= Red Lion Christian Academy =

Private Christian Preschool–12 school in Bear, Delaware, United States

Red Lion Christian Academy (RLCA) is a private Christian Preschool–12 school in Bear, Delaware, named for its location within the Red Lion Hundred.

== History ==
A committee led by Dr. Charles F. Betters founded the school in 1980 as a Preschool–4th grade learning center. In 1997 the school started the process of becoming a full PreK-12 school. In the spring of 2002, the school held its first official commencement ceremony, commemorating their first graduate class.

== Recognition ==
Red Lion was ranked #1 in "Most Diverse Private High Schools in Delaware" and ranked within the top 30 for "Best Private K-12 Schools in Philadelphia Area" according to Niche's 2024 k12 rankings.

== Athletics ==
Red Lion is an independent member of the DIAA and supports coed interscholastic sports for its middle and high schoolers. Many students consider nearby Caravel Academy to be their athletic rival; however, historically, the matchups have heavily favored the Caravel Buccaneers.
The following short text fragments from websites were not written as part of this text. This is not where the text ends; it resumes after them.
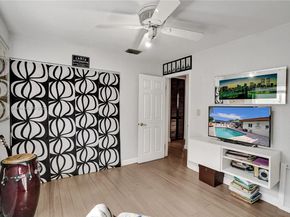 7825 NW 174th St, Hialeah FL 33015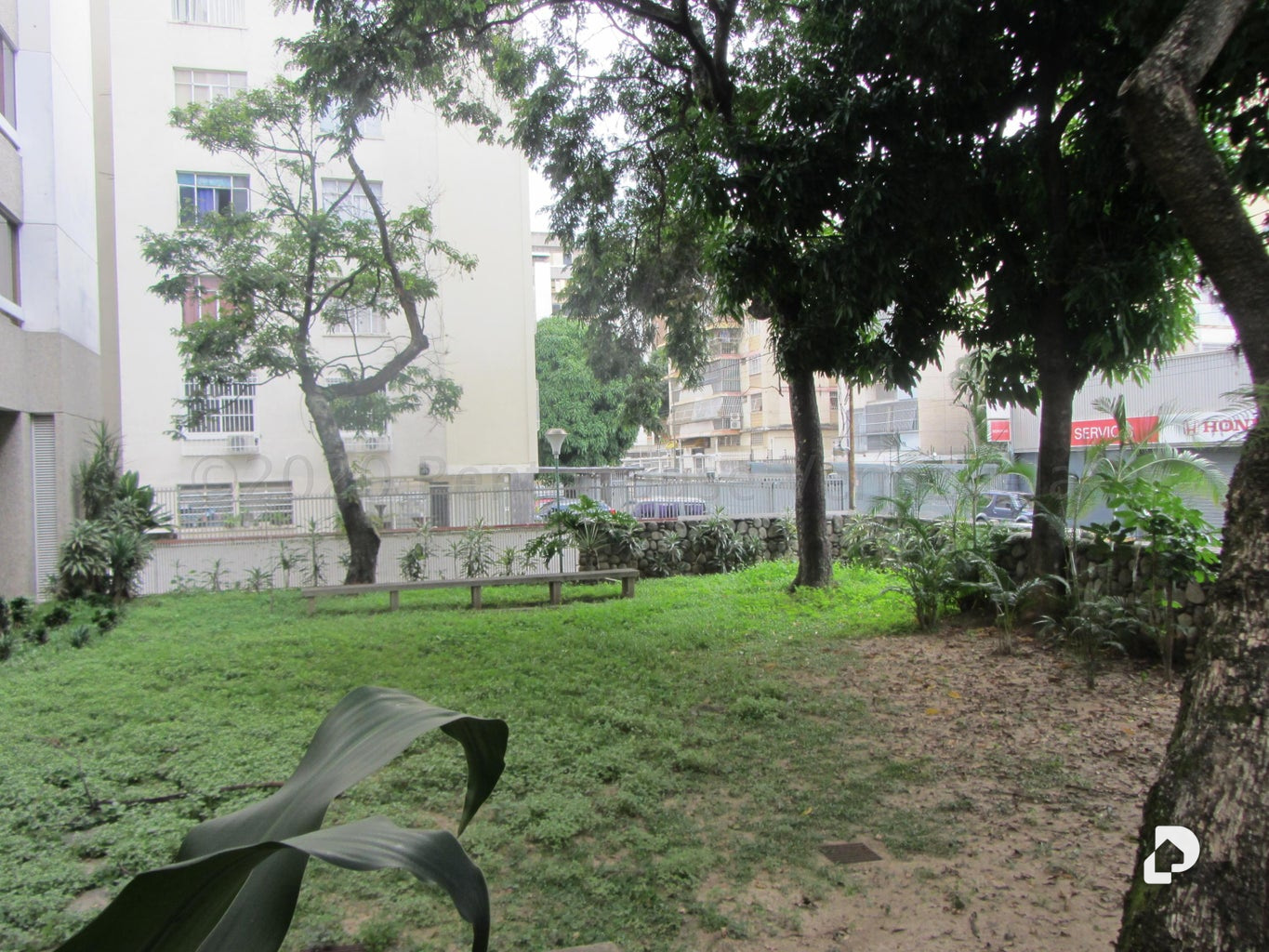 Apartamento en Los Palos Grandes, Caracas – 28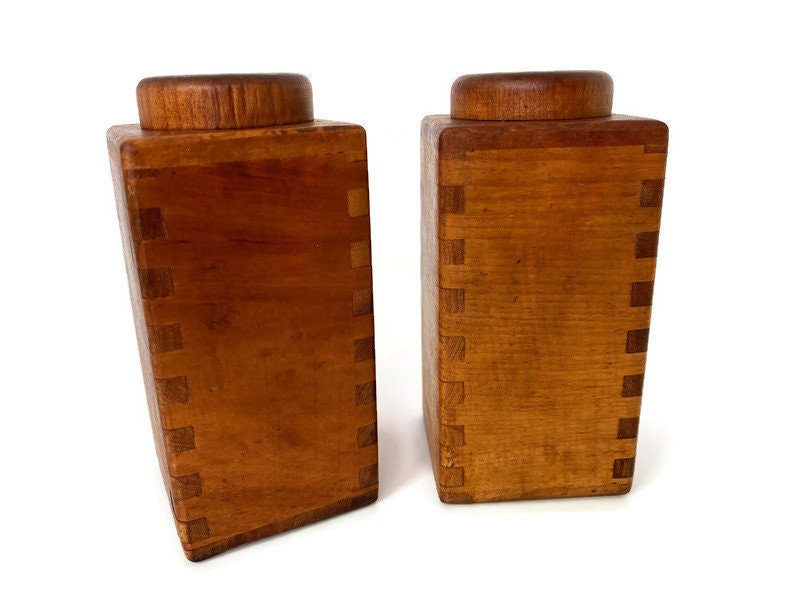 Vintage wood Salt shaker & Pepper Mill light maple woodpecker woodware  Japan 60s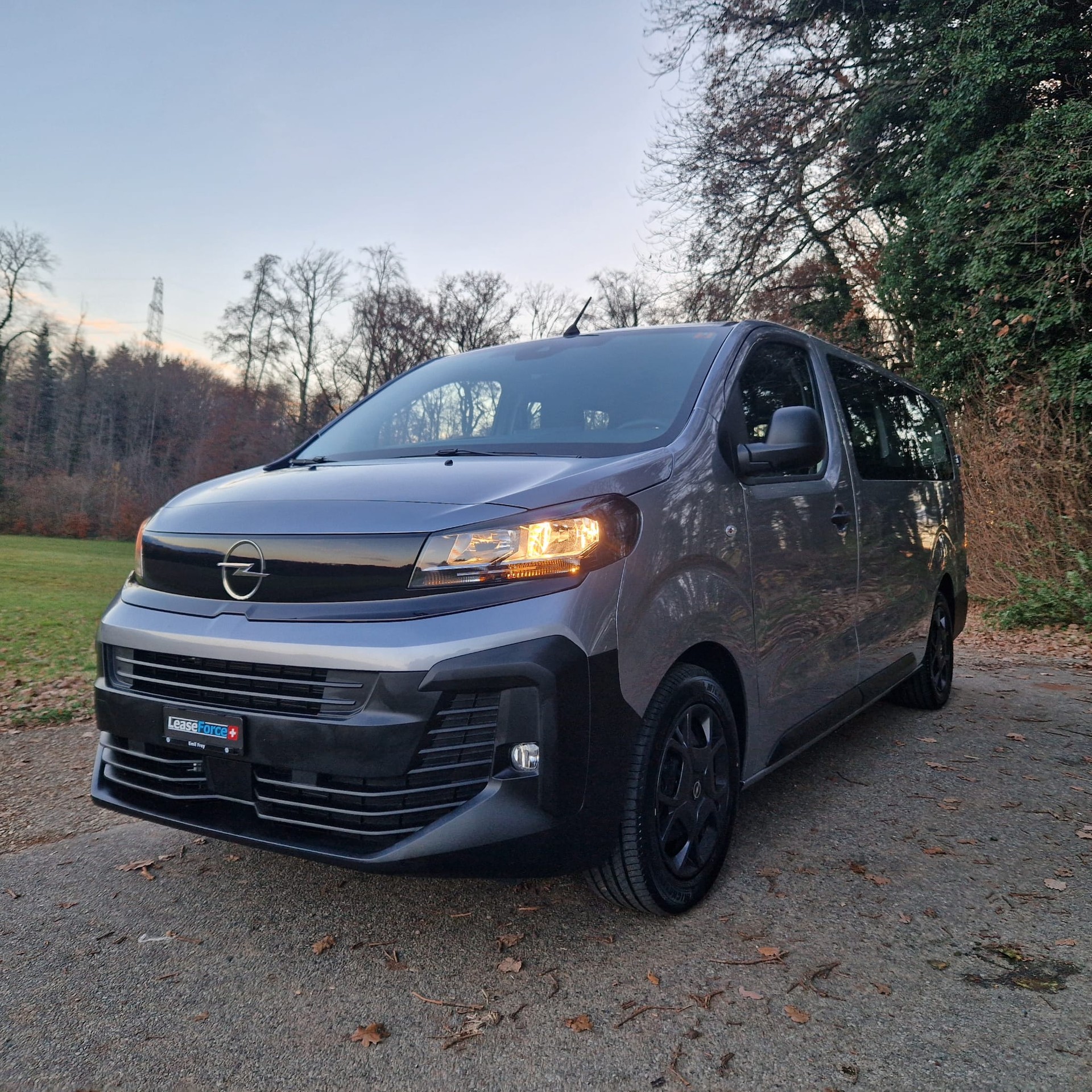 OPEL Vivaro Combi 2.0 CDTI s/s XL-image-18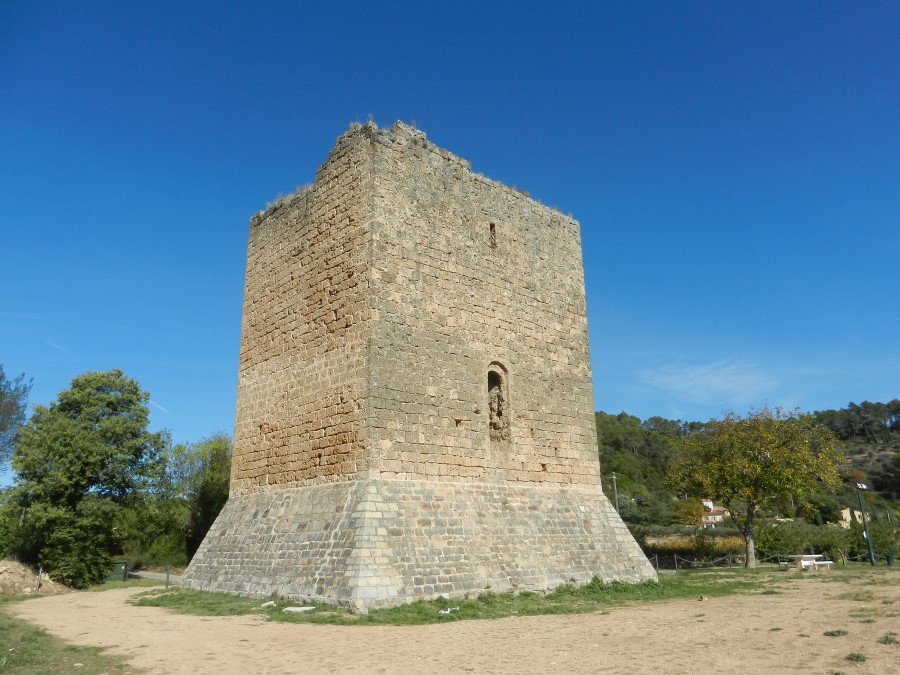 tour cotignac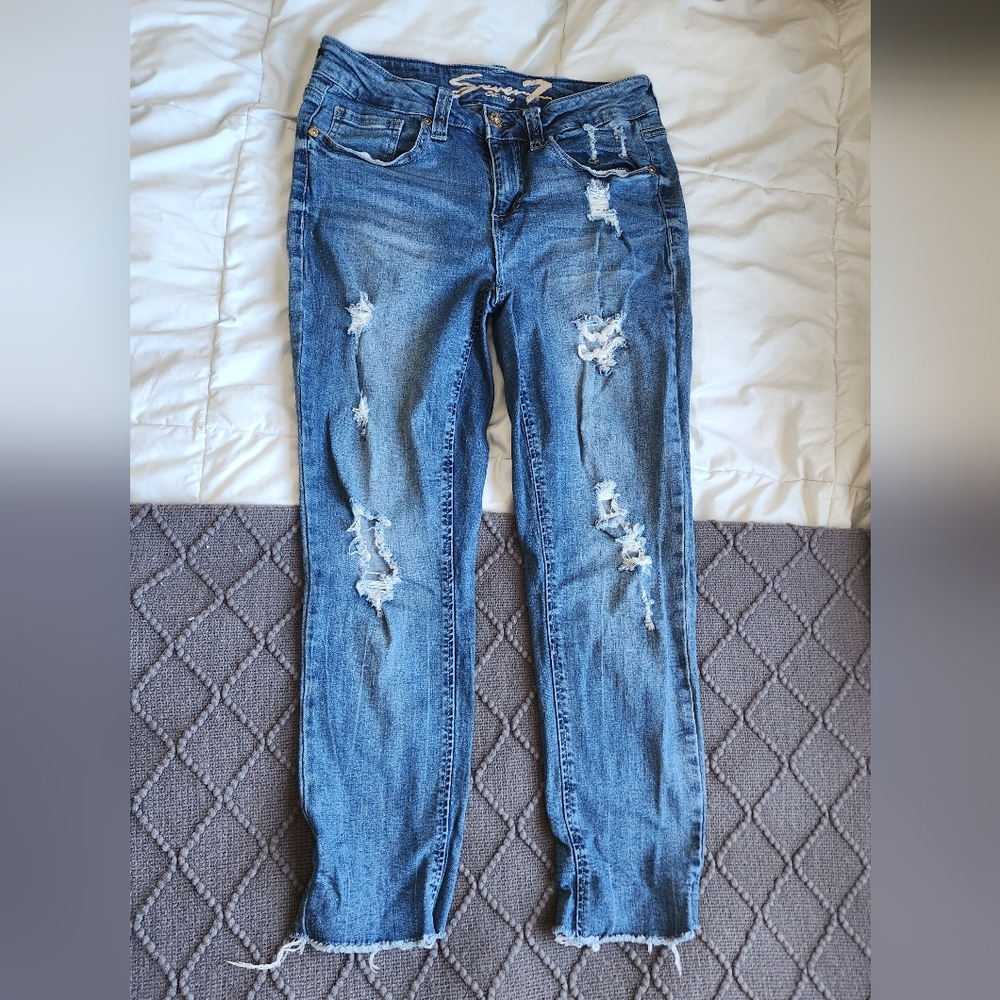 Seven7 - Womens Size 8 Distressed Ankle Skinny Jeans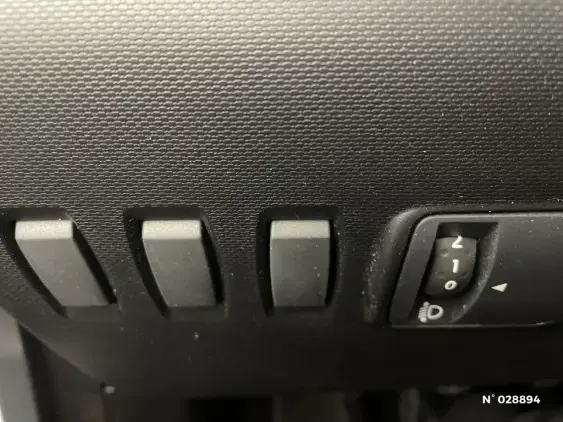 RENAULT TWINGO III - voiture d'occasion - Photo 15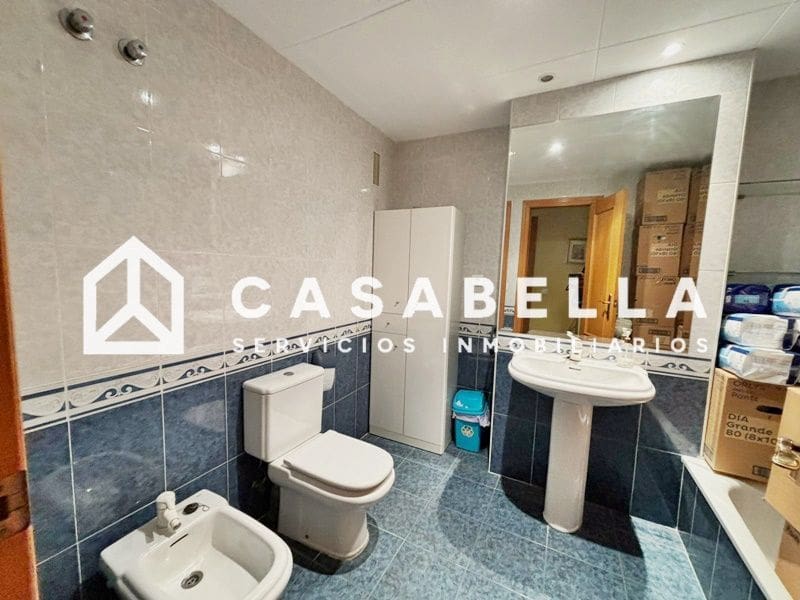 4 bedroom Flat for sale in Valencia city - € 384,000 (Ref: 9650130)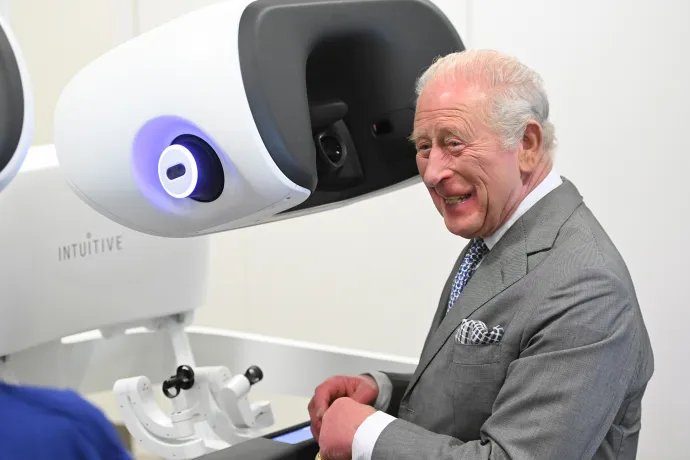 The King smiles at King's College London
In the 2022-2023 academic year, the Lions successfully launched an outdoor track and field program coached by former Delcastle stars such as Guawan "Smitty" Smith and Anthony Stewart, state record holders in the distance medley relay. They intend to do the same with an indoor program in the 2023-2024 academic year.

== Athletic controversy ==
In 2010 the DIAA, spearheaded by executive director Kevin Charles, launched a thorough investigation into the school's athletic programs. The investigation largely focused on Red Lion's powerhouse football team, led by 13-year-old USC commit David Sills at quarterback. With a need for change evident, the school was temporarily absorbed by a local church and the controversy quietly died, along with their football team. The Lions have since completely rebuilt their programs and with changes in athletic coordinators, operate cleanly.

== Diploma program & sub-campuses ==
Red Lion is considered the mother school of Reach Christian Schools, a collective of local, private Christian schools. Of the sub-schools, the largest is Glasgow Christian Academy, a homeschool co-op program, where students can obtain Red Lion Christian Academy diplomas through an Ogletown campus. These students can also participate in Red Lion's athletic programs just like any regular students.